Data items:

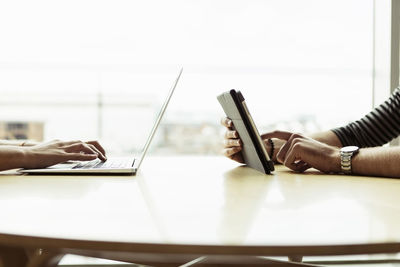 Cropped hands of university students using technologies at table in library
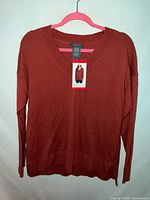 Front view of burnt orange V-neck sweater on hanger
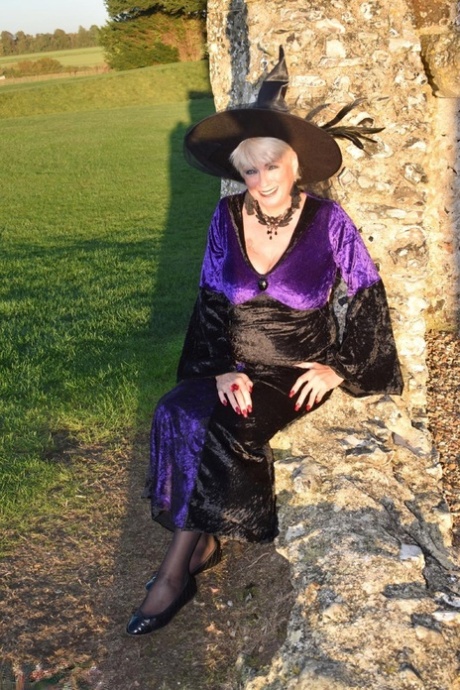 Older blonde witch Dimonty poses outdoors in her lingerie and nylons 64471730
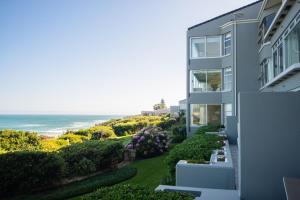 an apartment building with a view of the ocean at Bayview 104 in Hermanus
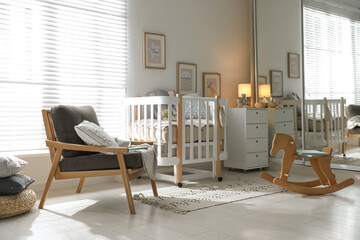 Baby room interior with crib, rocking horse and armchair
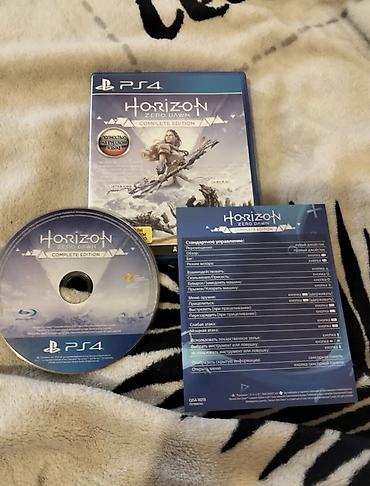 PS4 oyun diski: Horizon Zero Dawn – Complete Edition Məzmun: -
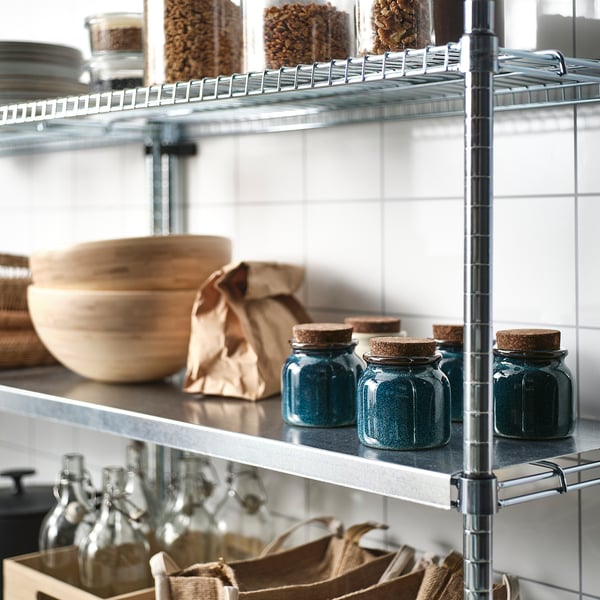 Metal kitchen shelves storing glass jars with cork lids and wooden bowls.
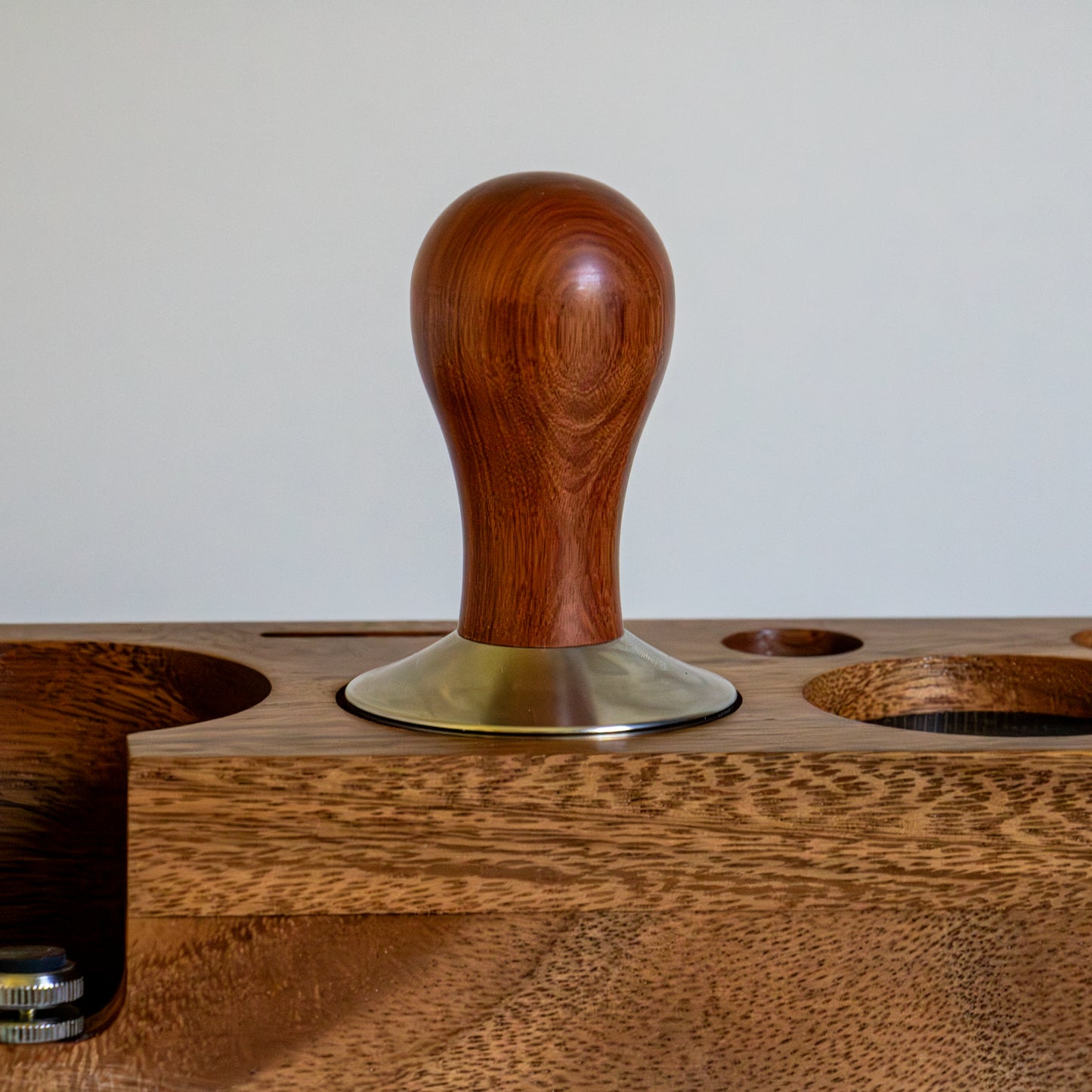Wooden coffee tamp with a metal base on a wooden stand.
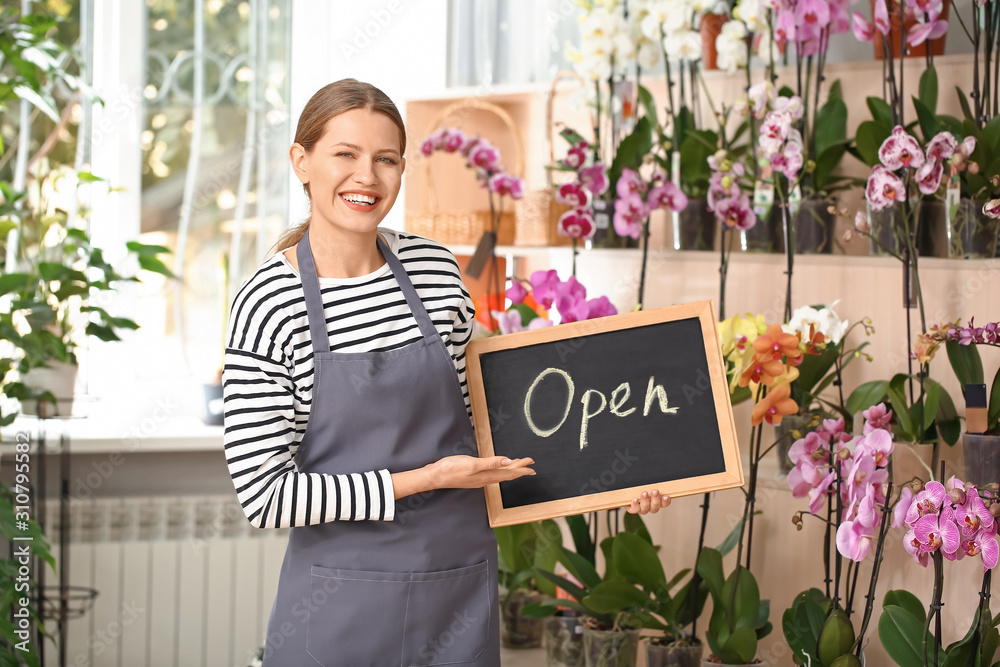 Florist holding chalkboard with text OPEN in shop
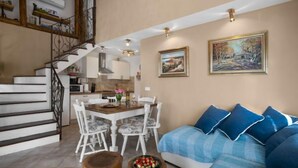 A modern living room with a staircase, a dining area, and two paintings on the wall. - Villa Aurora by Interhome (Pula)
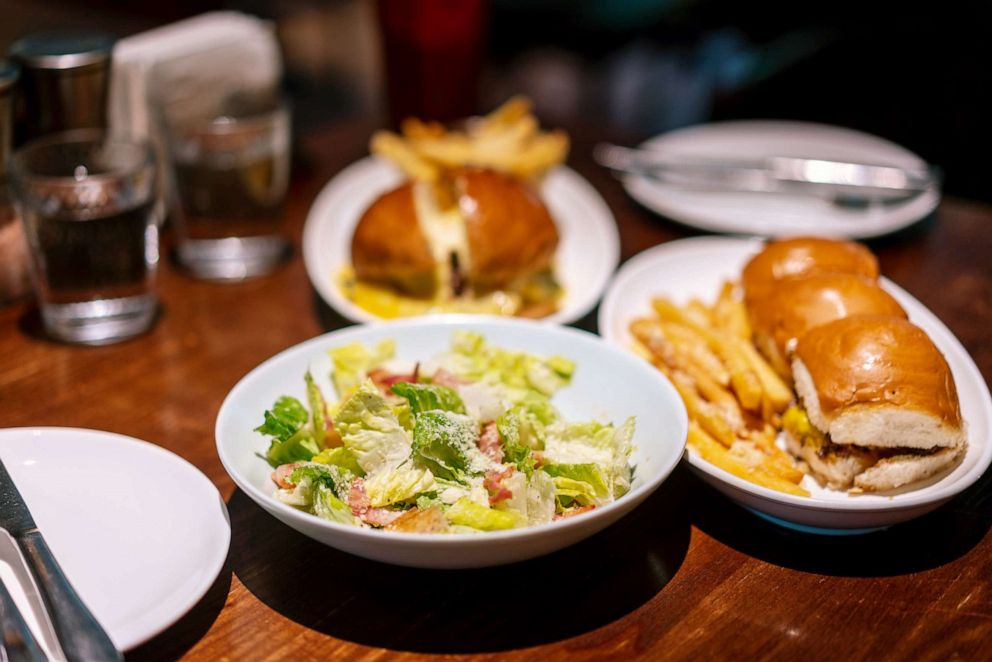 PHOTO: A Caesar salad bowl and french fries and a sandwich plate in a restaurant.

▶ **Problem**
A word-for-word copy of the data, without its pictures, is what is needed.

▶ **Answer section**
 Cropped hands of university students using technologies at table in library
 Front view of burnt orange V-neck sweater on hanger
 Older blonde witch Dimonty poses outdoors in her lingerie and nylons 64471730
 an apartment building with a view of the ocean at Bayview 104 in Hermanus
 Baby room interior with crib, rocking horse and armchair
 PS4 oyun diski: Horizon Zero Dawn – Complete Edition Məzmun: -
 Metal kitchen shelves storing glass jars with cork lids and wooden bowls.
Wooden coffee tamp with a metal base on a wooden stand.
 Florist holding chalkboard with text OPEN in shop
 A modern living room with a staircase, a dining area, and two paintings on the wall. - Villa Aurora by Interhome (Pula)
 PHOTO: A Caesar salad bowl and french fries and a sandwich plate in a restaurant.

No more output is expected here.